Мы останавливаемся и поджидаем их. С близкого расстояния становится ясно,  что это – сборщики пальмового сока. У них проявляются ноги (раньше их не было видно в тумане), руки снимают с плеч громадные головы:  это калабаши, заполненные жидкостью цвета снятого молока. Происходит короткий торг, и мы заполняем что у кого есть этим соком, который за ночь уже успел достаточно перебродить и теперь – ощутимо хмельной. В наших фляжках он продолжит брожение, и чем ближе к вечеру, чем больше мы будем уставать, тем щедрее он будет нас поддерживать, а на обратном пути, казалось бы совершенно вымотавшиеся, мы будем петь песни – русские и негритянские вперемежку, и будем молодыми, сильными и бесстрашными. А на следующее утро мы снова будем смотреть, как зачарованные, на исход призраков из сердца джунглей, и снова каждый будет ожидать захватывающую встречу, и снова каждый удовлетворится литром хмельного сока и будет надеяться, что чудо произойдет завтра.

Этот сок в обиходе называется пальмовым вином и добывается из особой «винной пальмы» - рафии. Это небольшое коренастое дерево, не более 10 метров до конца верхних ветвей. Ствол его по форме похож на узкую бутылку. Правда,  это непросто заметить, так как он почти от земли покрыт пальмовыми ветвями-перьями, очень похожими на кокосовые.  Чтобы добыть вино, надо подрубить часть корней пальмы с одной стороны, а затем навалиться на ствол и повалить его. Чем больше корней останется целыми, тем дольше будет функционировать этот агрегат.  Ему еще комель присыпают землей, чтобы обрубленные корни не сохли.  Где-то на середине ствола очищают от веток участок примерно 80х20 см, затем выдалбливают на этом участке поверхностную древесину и, подковырнув,  снимают ее. Под ней оказывается пропитанная соком субстанция – что-то вроде мокрой ваты. В ней выкапывают нечто, похожее на узкую ванну, где самая низкая точка находится посередине, и в этом месте пробивают или просверливают нижнюю древесину насквозь и вставляют в отверстие полую камышинку. Сок быстро стекает со стенок (из «мокрой ваты») в эту ванну, а затем по камышинке – в подставленный снизу калабаш. Сокоотделение особенно интенсивно ночью. Доить такую пальму можно недели две, откачивая за ночь литров по 6-7 сока.

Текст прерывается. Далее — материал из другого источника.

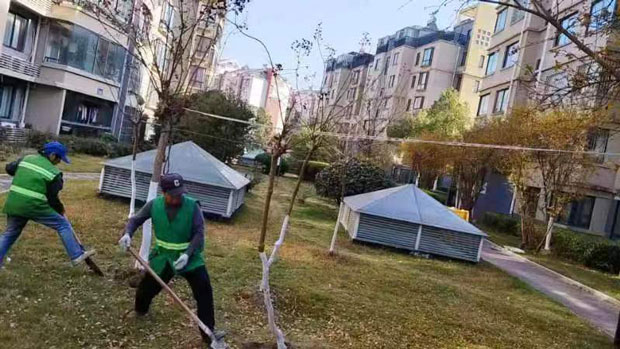 九游会老哥必备的交流社区_论坛帖吧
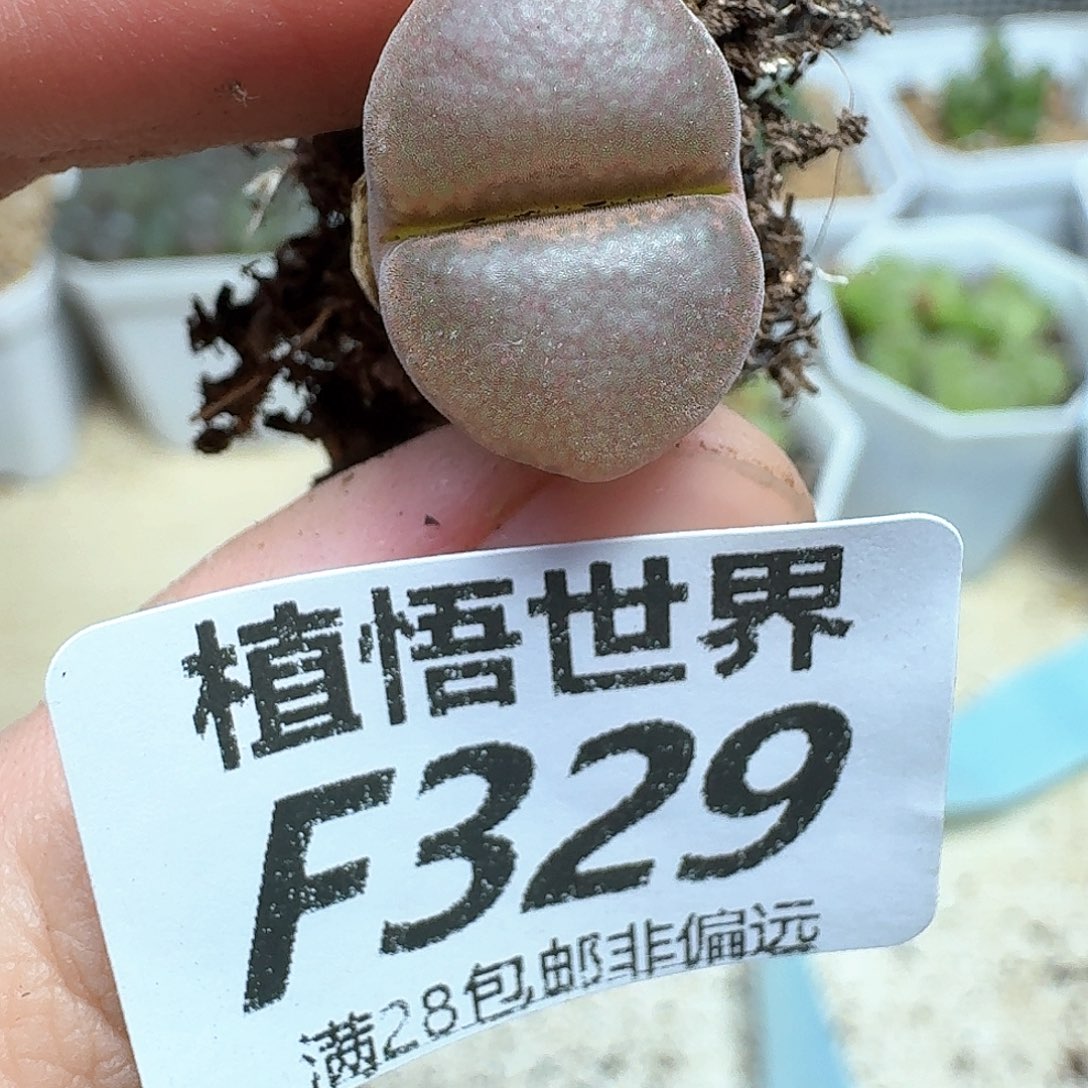 多肉植物的润泽发发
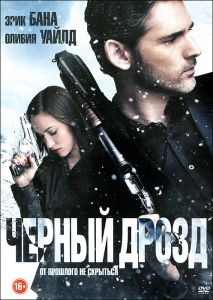 Черный дрозд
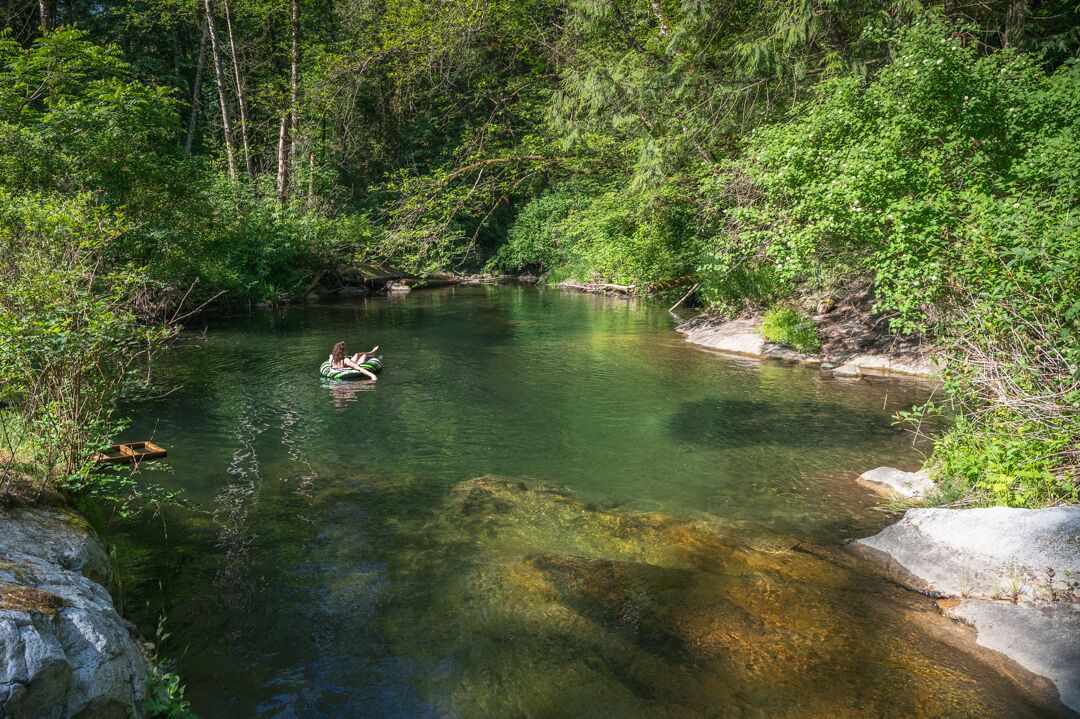 Un río limpio rodeado de abundante follaje verde.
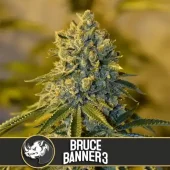 Bruce Banner #3 fem (Blimburn Seeds), Испания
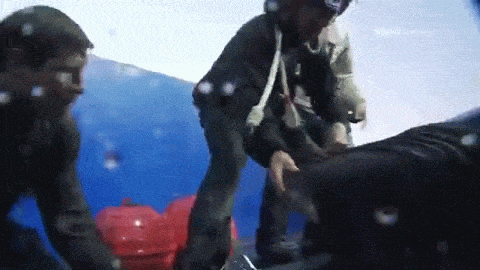 수족관에 백상아리가 없는 이유 | 인스티즈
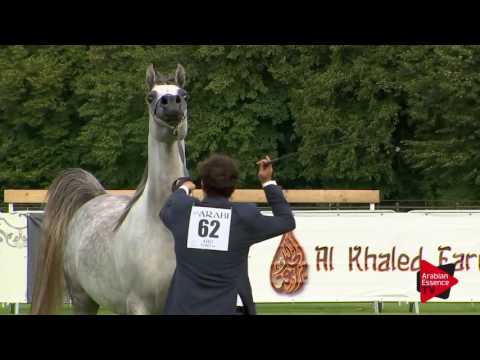 N.62 NADEEM EL ARAB - Chantilly 2017 World Cup - 3 Years Old Colts (Class 8)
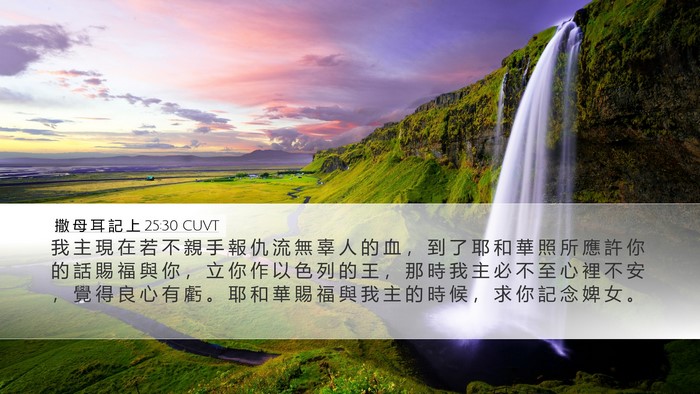 撒 母 耳 記 上 25:30 CUVT Desktop Wallpaper - 我 主 現 在 若 不 親 手 報 仇 流 無 - Desktop Bible Verse Wallpaper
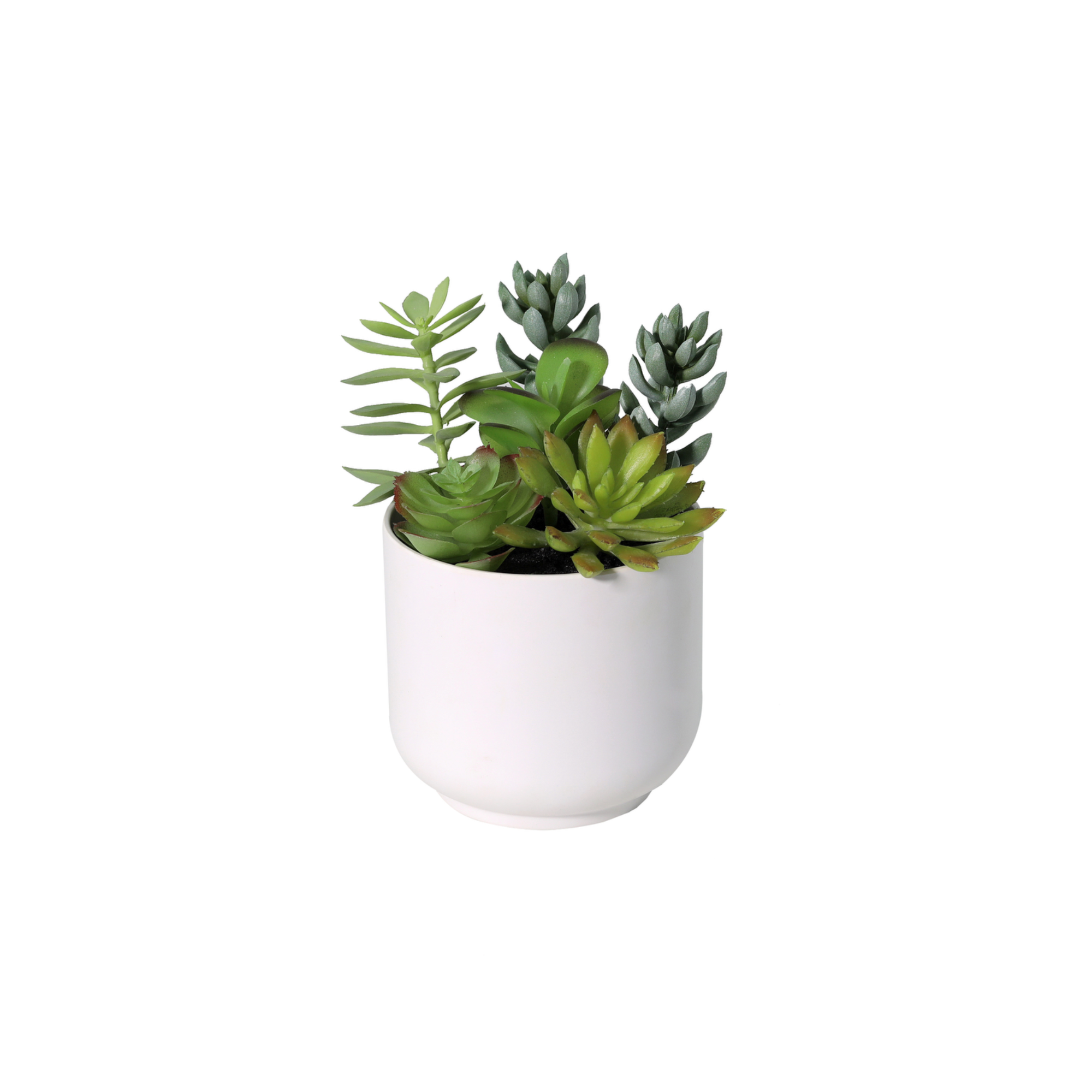 Kunstplant Vetplant inclusief witte pot 19cm - ø13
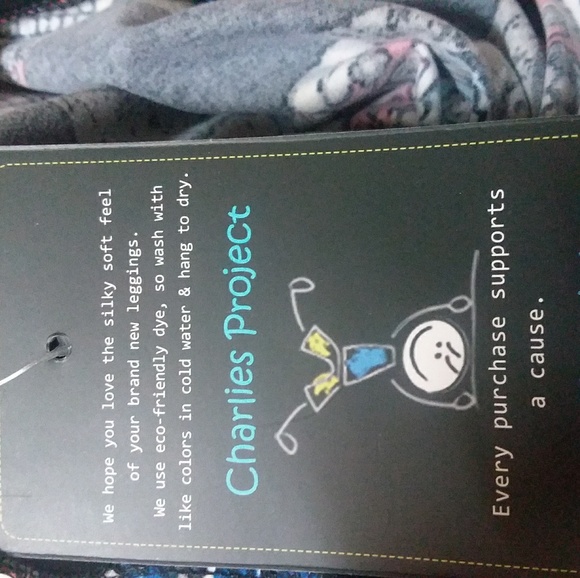 Charlie Project - Picture 5 of 6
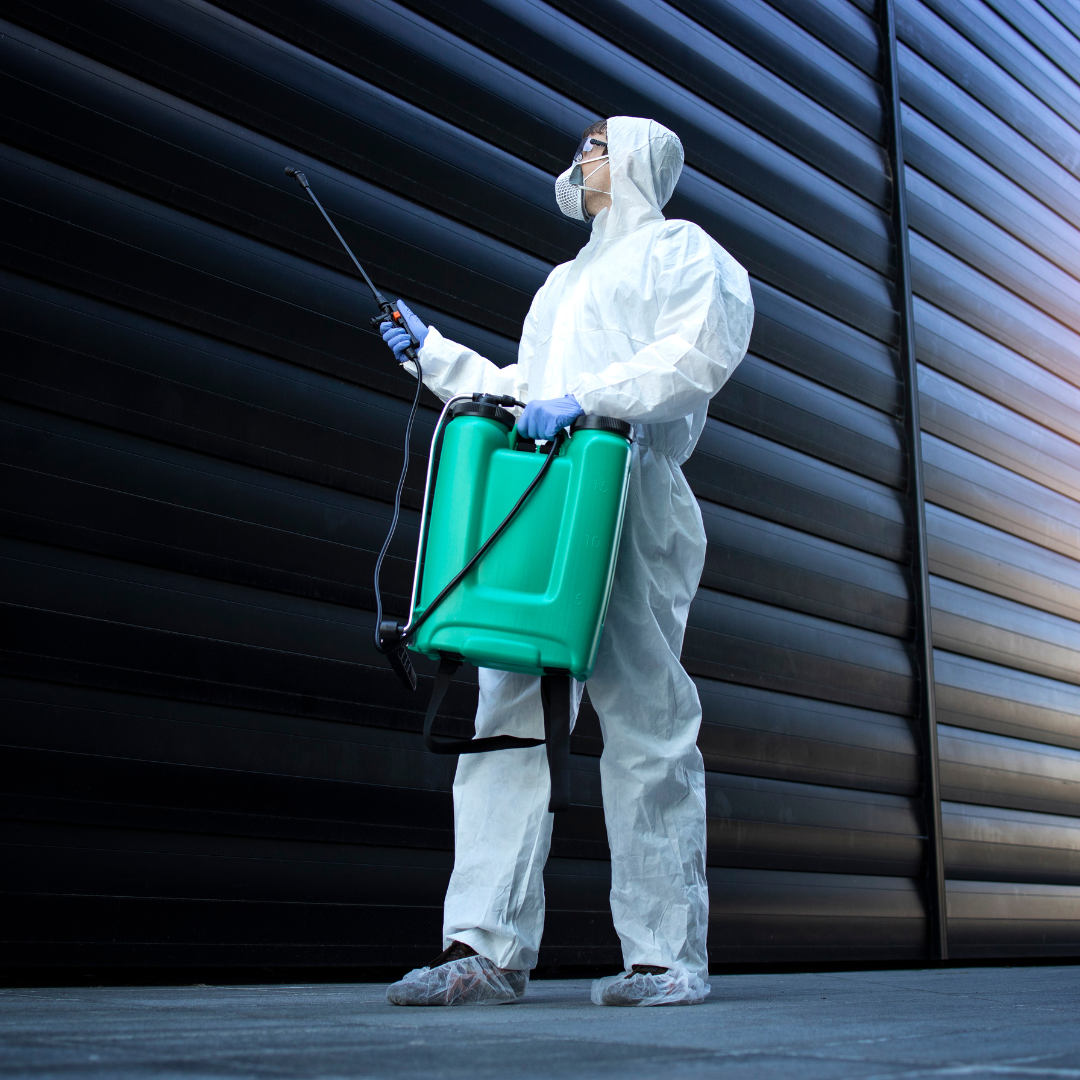 Fumigacion de alacranes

На сладкий и пьяный сок слетаются разные насекомые-алкоголики, и, чтобы не спаивать их и не губить экологию, сборщики закрывают открытую ванну холстом, пока пальма действует, а потом забирают его, предоставляя остатки сока насекомым.  Какое-то из насекомых откладывает в мокрую «вату» яйца. Из них развиваются личинки – пьяные и толстые, как Бахус, размером с большой палец руки мужчины, ярко жёлтые. Они называются «акокуну» и очень высоко ценятся как деликатес. Однажды один винный призрак подарил мне горсть, чем вызвал зависть у всех наших рабочих. Дома я поджарил их в пустой консервной банке (жиру не потребовалось), и они превратились в маленькие золотистые хрустящие сосисочки, по вкусу слегка напоминающие жареный арахис.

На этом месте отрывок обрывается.